Mine get the best Grass hay and that is all they will eat. It has all the nutrients they need and you don't have to buy seperate hay for bucks and does.  Plus it does wonders for my doe's coats.


----------



## mnspinner (Aug 13, 2008)

Mine are on a tim/clover mix and doing well. I've also fed orchard grass and a tim/alfalfa/birdsfoot mix. I supplement grass hay with alfalfa pellets to pregnant/nursing does.


----------



## capriola-nd (Jul 6, 2008)

Kind of depends on what is available for us. . . right now we are feeding 2nd and 3rd cutting Orchard/Timothy mix -- awesome hay that the goats LOVE!  It is really green and super fine-stemmed.

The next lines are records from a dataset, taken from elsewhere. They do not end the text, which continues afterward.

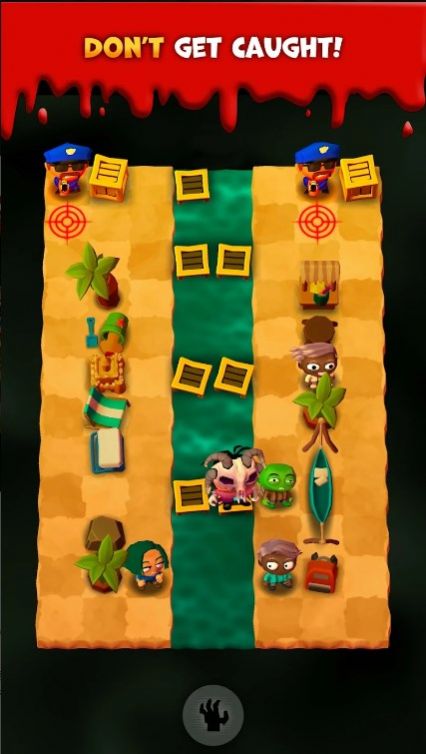 campbuddy汉化版教官线下载官方安卓版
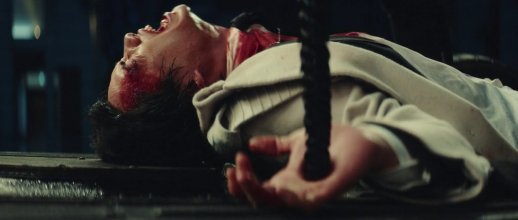 Tokyo Ghoul 2017 BluRay 720p x264 AAC-Shiniori.mp4_snapshot_01.47.05.jpg Tokyo Ghoul 2017 BluRay 720p x264 AAC-Shiniori.mp4_snapshot_01.47.05.jpg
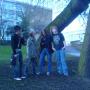 John Swift Photo 15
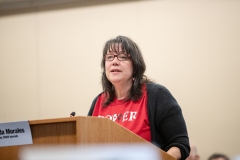 Basic Education Funding Commission - Lancaster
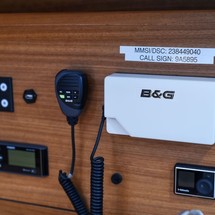 Elan 45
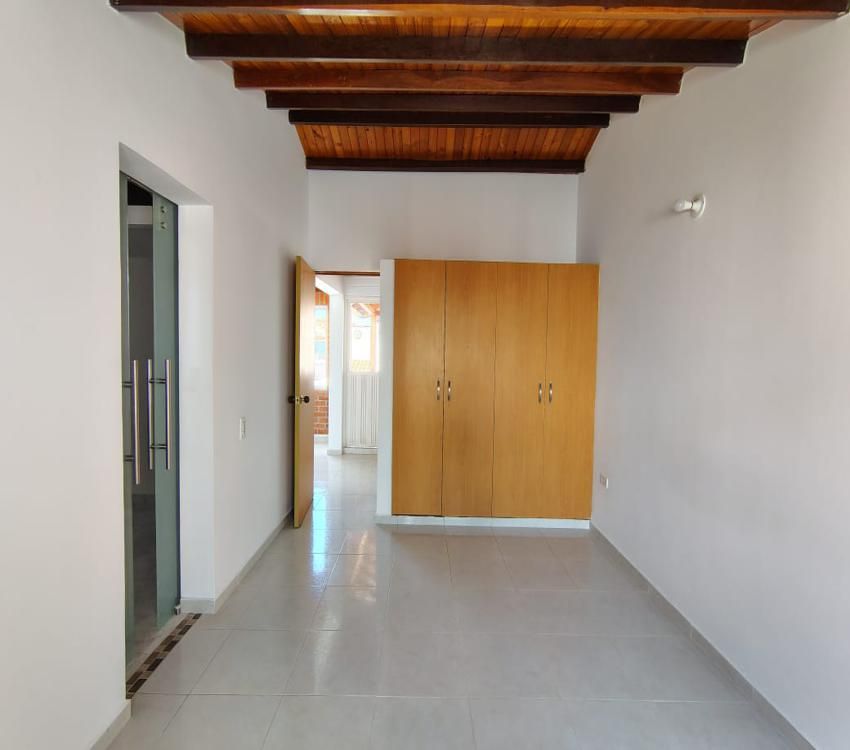 Imágen 21 de inmueble COD: 36762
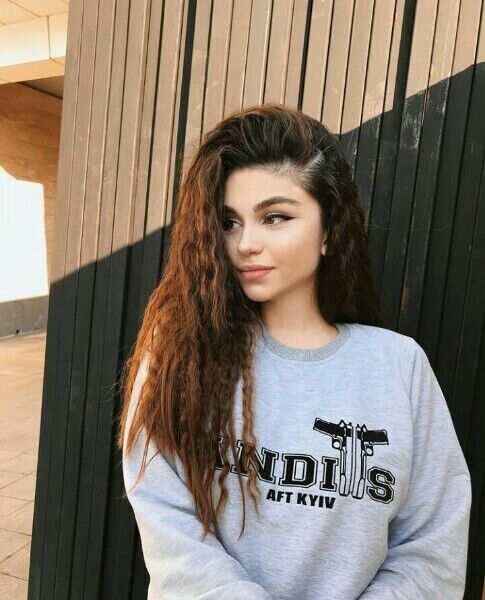  ,   , 27 ,   ,   , c , 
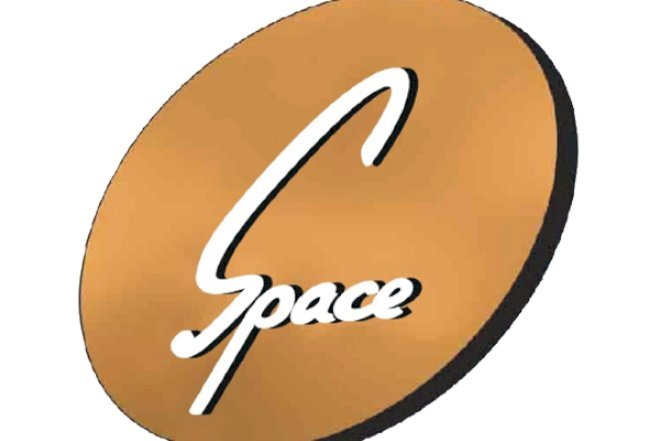    “Space” telekanalında yeni tok-şou   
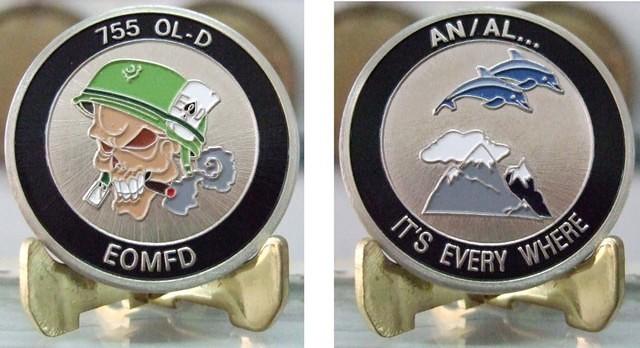 755 Ol-D Coin Final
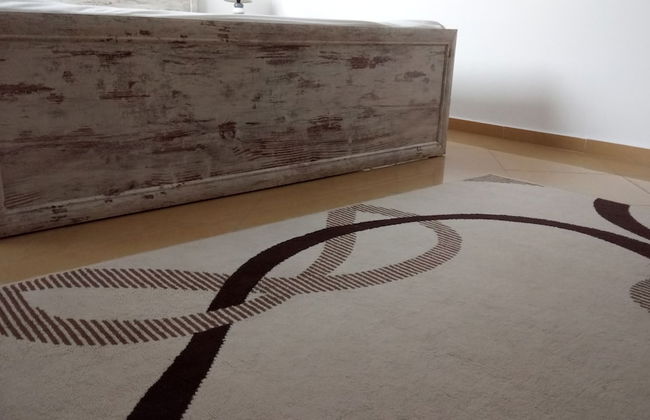 The Art Quarter - Foto 6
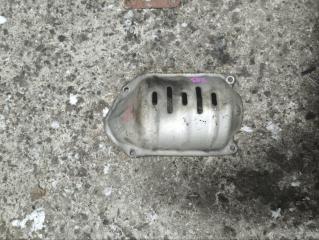 Кожух выпускного коллектора HONDA VEZEL 2013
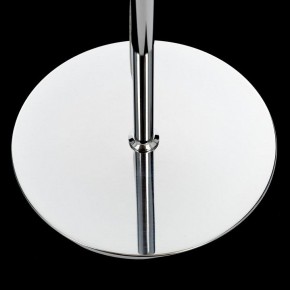Торшер Citilux Линц CL402970 в Кудымкаре - kudymkar.mebel24.online | фото 7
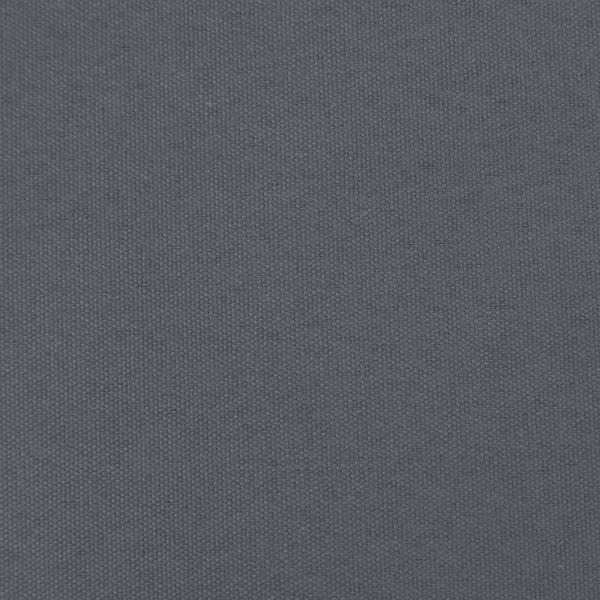 vidaXL 4-tlg. Garten-Lounge-Set mit Kissen Weiß Massivholz 3186138 Bild 7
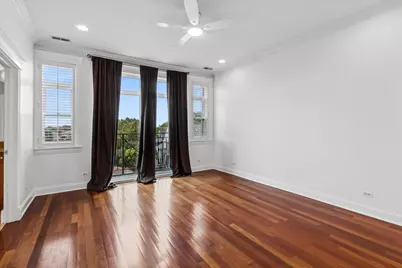 3414 N Sheffield Avenue #4, Chicago, IL 60657 - Photo 13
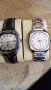 Механични и автоматични мъжки часовници, Timex, Poljot,Citizen,Mortima и др, снимка 1
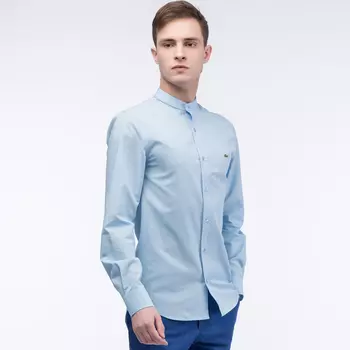 Рубашка Lacoste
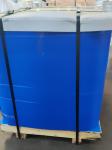 1050 1060 1070 1100 Circle Aluminium For Cookware
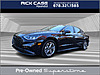 Used 2023 HYUNDAI SONATA SEL 2.5L *LTD AVAIL* in DULUTH, GEORGIA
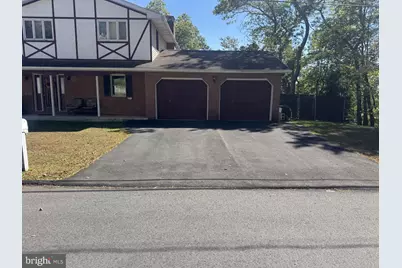 360 Ohio Avenue, Shenandoah, PA 17976 - Photo 4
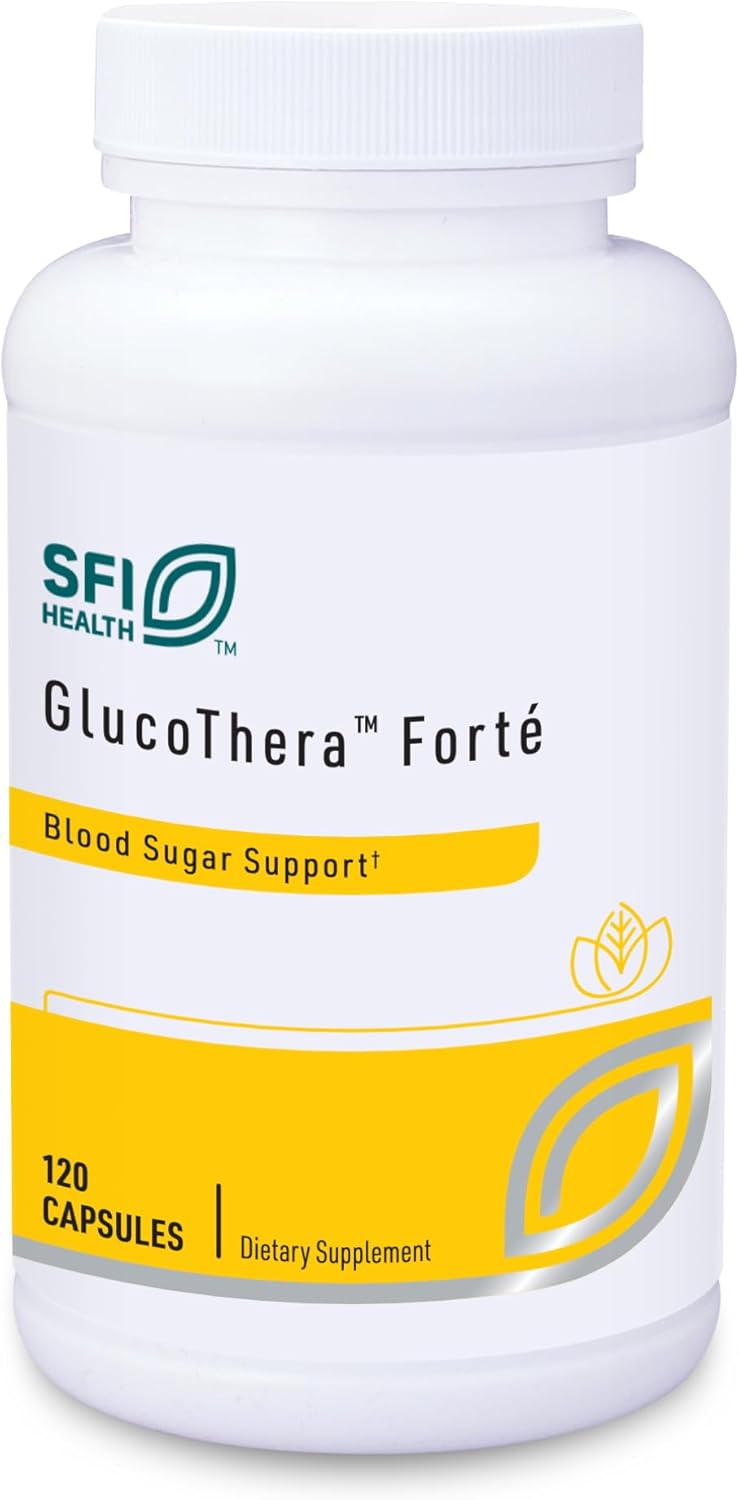 klaire-labs-glucothera-forte---supports-healthy-metabolism-chromium-complex-with-250-mg-ala-turmeric-cinnamon-dairy-free-120-capsules-1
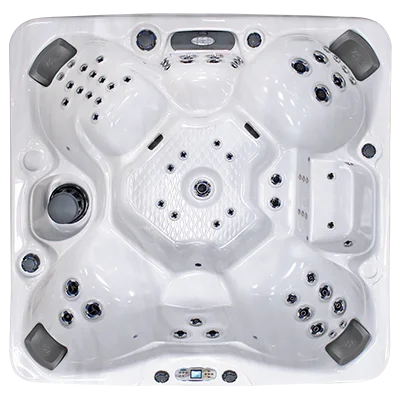 Cancun EC-867B hot tubs for sale in Gardena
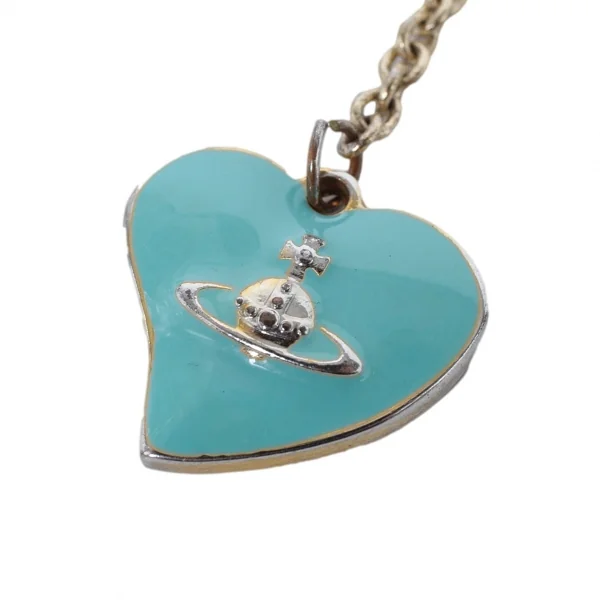 k*d様 ヴィヴィアン•ウェストウッドブレスレット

A good grass mix is great for feeding the "average" goat. The more variety, the better, usually.


----------



## FunnyRiverFarm (Sep 13, 2008)

I like to use 2nd or 3rd cut grass mix for an all purpose hay. The does get alfalfa near the end of their pregnancies and while lactating.


----------



## LomaVerdeBoers (Oct 4, 2009)

Around here we feed Alfalfa with a little grass/weeds in it. As long as its fresh our boers will eat it. I feed a little grain with it too.


----------



## CrossCreekTX (Aug 10, 2009)

Not really hay, but mine LOVE dried cornstalks. If for some reason I run out of hay, I can buy round bales of dried cornstalks very cheaply. They cleaned up my harvested corn patch. I didn't bother to cut the stalks, just turned the goats in. They are on excellent pasture of mixed grass, mostly coastal and crabgrass and access to an overgrown woodlot.


----------



## jay13 (Apr 12, 2009)

Alfalfa here runs $8 a bale and up! I can't afford it. Right now we are just feeding our girls orchard grass hay, whatever they feel like foraging in the fields (most is dead now tho) and a sweet grain mix with some sunflower seeds mixed in. The girls are hopefully preggo... do we really need to shell out for the alfalfa or will they be ok on what we have?


----------



## pennylullabelle (Nov 22, 2009)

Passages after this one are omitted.